The school district has acquired five electric buses and has placed an order for another six. The 11 electric buses that will start transporting children this spring and summer comprise less than 1% of the district’s bus fleet.

“We understand the impact that gas emissions has on student health and we’re committed to leading the way to reducing emissions to positively impact health and wellness in our communities,” Superintendent William R. Hite Jr. said Friday at a news conference at the district’s North Broad Street garage.

The district has set a goal of getting rid of diesel-guzzling buses within ten years, and it plans to replace the fleet using a combination of subsidies and capital funds, according to Reggie McNeil, chief operating officer.

Electric buses are more expensive than diesel buses, costing $365,000 per vehicle against $150,000 per coach. However, Teresa Flemming, executive director of mobility services, claims that they save money in the long term. She estimates that each will save the district $5,000 per year. Officials predict that once the entire fleet is electric, the district will save between $1 million and $1.5 million per year on fuel expenditures.

The district will also begin a project to assess the initiative’s true environmental effect, installing devices to monitor outdoor air quality surrounding two electric and two diesel buses. Every one to three minutes, the devices will record the amount of particle dust and nitrogen dioxide. The data will be accessible to district and local authorities, and it will eventually be made available to district educators for educational reasons.

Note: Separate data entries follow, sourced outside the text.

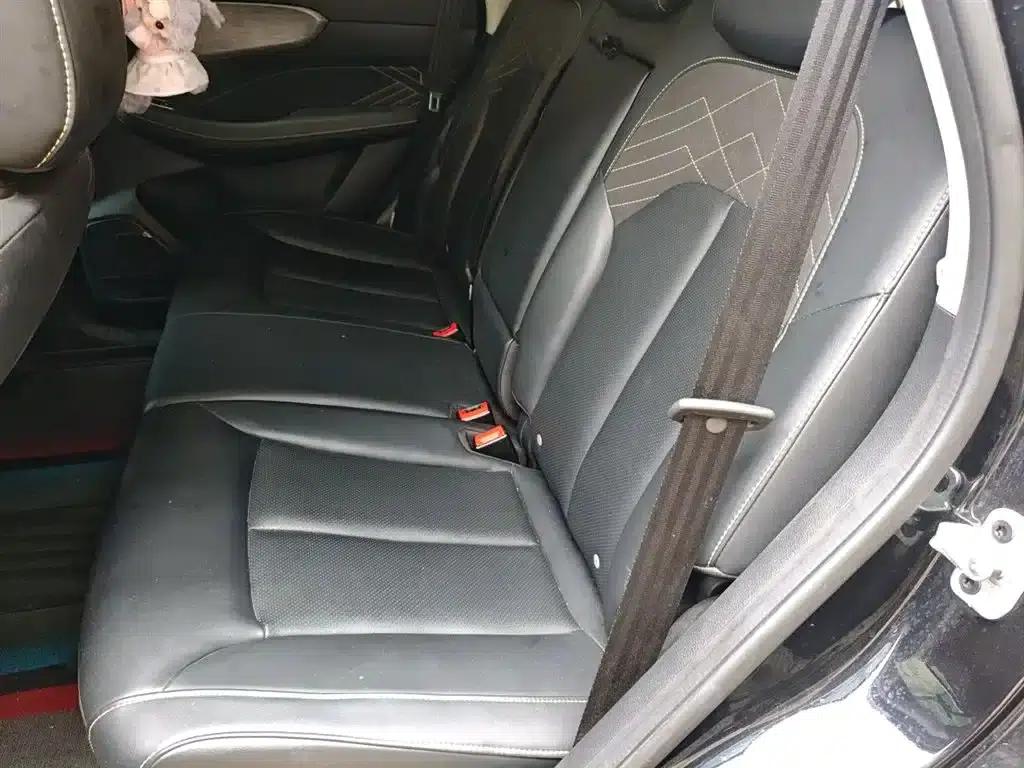 Roewe RX5 2021 PLUS 330TGI Automatic National Trend Smart Edition — миниатюра 14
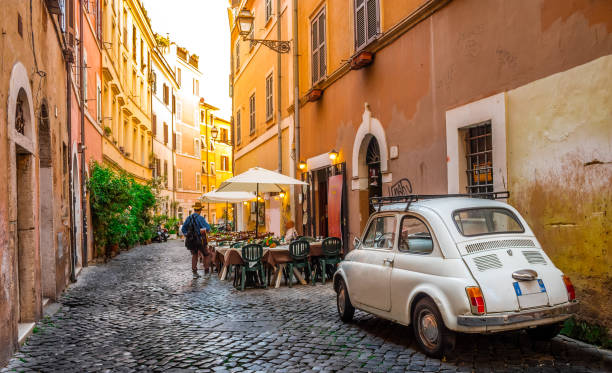 gemütliche straße in trastevere, rom, italien, europa. - rom italien stock-fotos und bilder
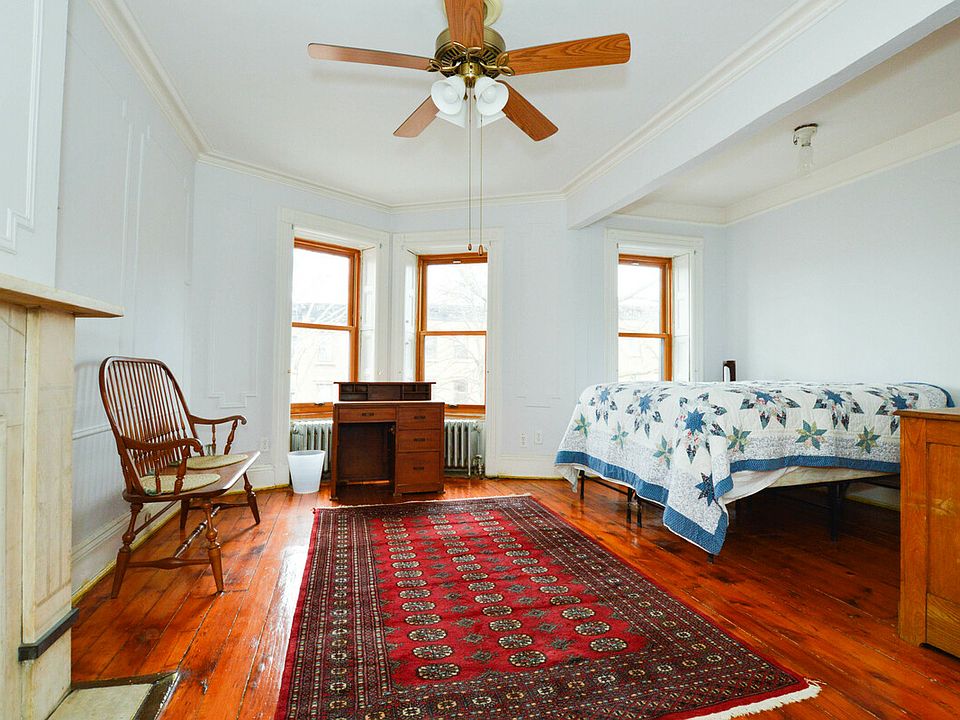 1st image of 450 6th St #3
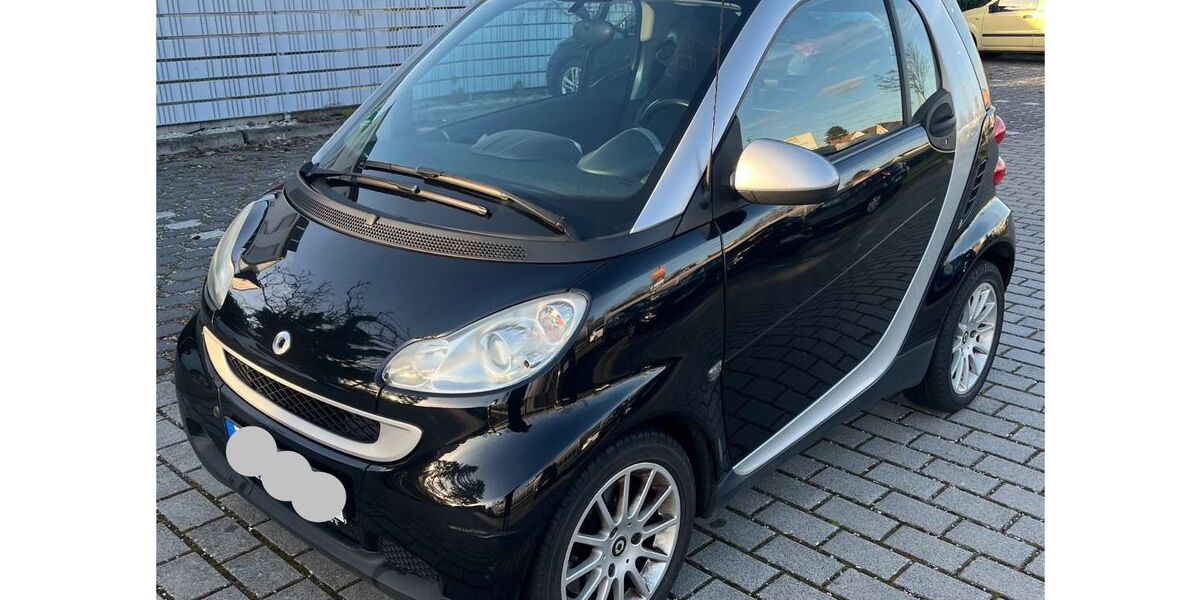 Smart ForTwo 83.000 km 3.900 &euro; Kelsterbach 65451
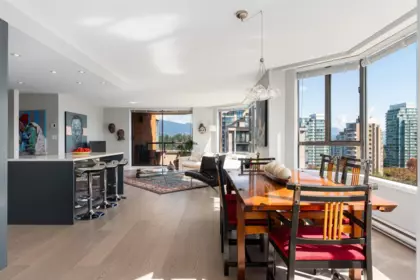 Kitchen Island Photo of 1001 1860 Robson Street, Vancouver, BC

“We know that electric is the future, and we look forward to having data-driven evidence for the importance of investing in all electric buses,” said Flemming.

The buses will be able to finish a full day’s run of 80 to 100 miles without needing to be recharged if they are connected into charging facilities at the district garage.

The district’s transportation services department has had a difficult year, which has been exacerbated by a driver shortage. As a result, school bus service has been patchy, and some pupils who were promised rides by the district have been left to fend for themselves.

McNeil said the district was on its approach to reducing the number of vacant driver positions, which had previously topped 97. According to McNeil, there are at least 42 drivers in the pipeline.

The area employs a total of 223 drivers.

Officials at the press conference also addressed a recent report that revealed lead in 61 percent of school water sources examined by the district, with lead-containing water in 98 percent of tested schools.

McNeil and Steve Link, the district’s director of environmental management, said the district’s current level of compliance is adequate, and that the district shuts down fountains and other water sources when lead levels exceed the city’s 10-parts-per-billion guideline.

The PennEnvironmental Research and Policy Center, the Black Church Center for Justice and Equality, and PennPIRG Education Fund published a paper that said that no quantity of lead in drinking water is safe, according to groups such as the American Academy of Pediatrics.

All drinking fountains should be removed and replaced with hydration stations, according to the activists. Although the district now has roughly 1,300 hydration stations, educators warn that certain schools do not have enough, and that other hydration stations do not have working filters.